• Supplied records

--*--

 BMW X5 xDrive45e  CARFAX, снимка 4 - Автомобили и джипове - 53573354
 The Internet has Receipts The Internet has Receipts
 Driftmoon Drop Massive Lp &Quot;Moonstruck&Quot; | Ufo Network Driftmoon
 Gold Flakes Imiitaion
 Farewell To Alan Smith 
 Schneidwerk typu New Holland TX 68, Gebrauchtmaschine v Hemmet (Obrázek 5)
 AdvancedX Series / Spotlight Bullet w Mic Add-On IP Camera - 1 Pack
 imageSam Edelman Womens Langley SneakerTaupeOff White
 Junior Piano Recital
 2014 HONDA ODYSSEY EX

--*--

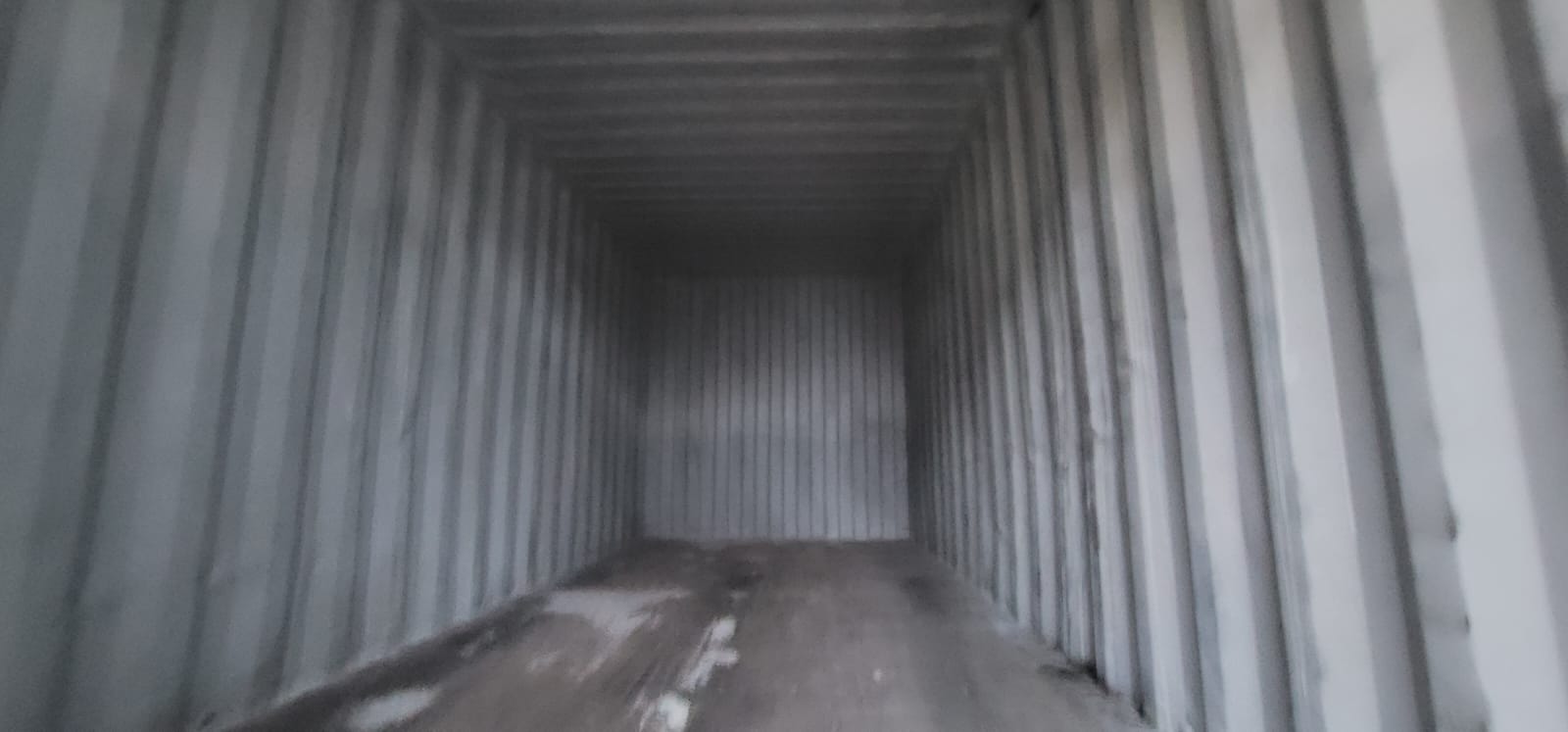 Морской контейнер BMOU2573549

--*--

• Directions
Repeat the entries above verbatim, but only from the line that has "AdvancedX Series /" down to the line that has "2014 HONDA ODYSSEY EX", inclusive.

• Result of the task
 AdvancedX Series / Spotlight Bullet w Mic Add-On IP Camera - 1 Pack
 imageSam Edelman Womens Langley SneakerTaupeOff White
 Junior Piano Recital
 2014 HONDA ODYSSEY EX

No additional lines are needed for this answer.